Activity: What is the count of lines in the records that include "BENZ"? Reply with that number alone.

Source material:
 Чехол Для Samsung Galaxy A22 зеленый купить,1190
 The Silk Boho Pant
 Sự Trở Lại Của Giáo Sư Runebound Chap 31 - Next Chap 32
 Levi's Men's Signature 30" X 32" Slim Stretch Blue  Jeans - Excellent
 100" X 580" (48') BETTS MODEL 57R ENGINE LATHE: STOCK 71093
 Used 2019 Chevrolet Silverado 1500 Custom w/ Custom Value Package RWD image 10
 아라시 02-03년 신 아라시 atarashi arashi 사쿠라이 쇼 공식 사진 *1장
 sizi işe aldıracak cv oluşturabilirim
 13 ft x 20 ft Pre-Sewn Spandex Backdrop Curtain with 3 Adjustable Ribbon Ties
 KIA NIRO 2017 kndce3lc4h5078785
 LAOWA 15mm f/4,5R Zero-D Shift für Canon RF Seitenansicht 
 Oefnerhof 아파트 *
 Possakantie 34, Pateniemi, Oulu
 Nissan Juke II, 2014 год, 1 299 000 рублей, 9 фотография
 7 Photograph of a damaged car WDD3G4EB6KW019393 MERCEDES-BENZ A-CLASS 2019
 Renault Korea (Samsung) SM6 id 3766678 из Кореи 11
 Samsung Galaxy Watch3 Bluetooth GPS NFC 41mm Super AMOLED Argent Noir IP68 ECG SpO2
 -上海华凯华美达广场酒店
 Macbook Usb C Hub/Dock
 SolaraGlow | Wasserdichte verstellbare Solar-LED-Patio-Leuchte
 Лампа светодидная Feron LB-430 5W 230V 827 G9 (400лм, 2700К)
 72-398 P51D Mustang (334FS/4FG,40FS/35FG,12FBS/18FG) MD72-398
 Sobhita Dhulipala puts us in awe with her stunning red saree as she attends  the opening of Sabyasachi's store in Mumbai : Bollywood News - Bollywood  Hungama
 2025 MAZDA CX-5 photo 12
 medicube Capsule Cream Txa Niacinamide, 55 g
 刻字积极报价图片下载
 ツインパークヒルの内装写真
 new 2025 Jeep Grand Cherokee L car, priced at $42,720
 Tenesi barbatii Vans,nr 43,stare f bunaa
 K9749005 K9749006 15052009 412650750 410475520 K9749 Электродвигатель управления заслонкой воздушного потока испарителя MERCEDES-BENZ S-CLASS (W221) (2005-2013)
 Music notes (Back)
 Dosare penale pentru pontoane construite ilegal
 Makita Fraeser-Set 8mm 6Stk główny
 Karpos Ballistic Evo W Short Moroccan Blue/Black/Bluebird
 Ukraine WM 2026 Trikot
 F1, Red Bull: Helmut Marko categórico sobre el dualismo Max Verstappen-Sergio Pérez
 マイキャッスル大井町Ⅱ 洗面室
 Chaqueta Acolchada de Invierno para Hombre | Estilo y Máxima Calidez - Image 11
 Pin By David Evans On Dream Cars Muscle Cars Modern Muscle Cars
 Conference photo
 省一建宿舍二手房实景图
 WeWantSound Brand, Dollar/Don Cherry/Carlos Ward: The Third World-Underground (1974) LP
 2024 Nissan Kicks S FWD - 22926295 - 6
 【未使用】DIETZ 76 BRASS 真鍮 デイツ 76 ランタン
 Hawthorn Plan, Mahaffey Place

Output of the exercise: 2